I know OSHA regulations require stair rails around unprotected sides and edges of stairways during construction. Does anyone know if it's required for non-OSHA projects?


----------



## mtlogcabin (Feb 6, 2019)

I believe this gives the AHJ the tools needed to require guards and barriers on construction sites that may not be under OSHA regulations. We have used this section to require the stairs to be installed in lieu of using ladders between floors.

[F] 3310.2 Maintenance of means of egress.
Means of egress and required accessible means of egress shall be maintained at all times during construction, demolition, remodeling or alterations and additions to any building.

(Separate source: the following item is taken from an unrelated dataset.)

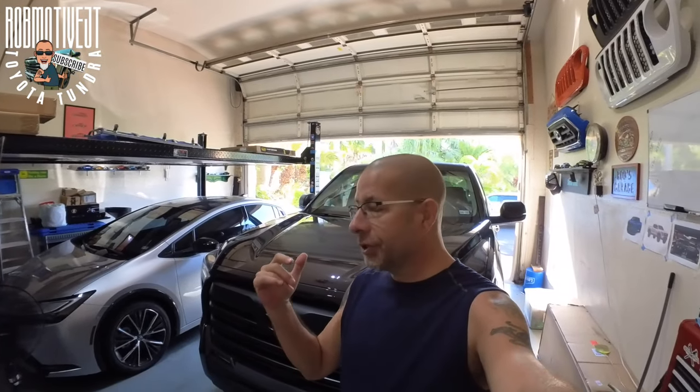Good afternoon everybody and welcome back to Rob Motive JT. A couple of things to take care of today on the new Tundra — and I almost made a huge mistake. I didn't quite do all of my research before I considered buying this mod, and it's quite involved for the Toyota Tundra. But before we get to that, there are a couple of things I need to take care of.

Exception: Existing means of egress need not be maintained where approved temporary means of egress systems and facilities are provided.


----------



## Matt M (Feb 6, 2019)

Thanks for the response. I guess my question is this: does the general contractor have a responsibility to put a temporary guardrail or stair rail around an open stairwell during a remodel? Osha (29 C.F.R. § 1926.1052(c)) makes it pretty clear that you can't just leave the stairwell open because an employee could fall down the stairwell by accident. Even if it's a smart thing to do, I'm not sure if it's required under IBC.


----------



## classicT (Feb 6, 2019)

Does your State/jurisdiction adopt Chapter 33 of the IBC? If so, check out Table 3306.1 and subsequent section 3306.4. Note that the requirements are for protection of pedestrians, not for on-site construction personnel.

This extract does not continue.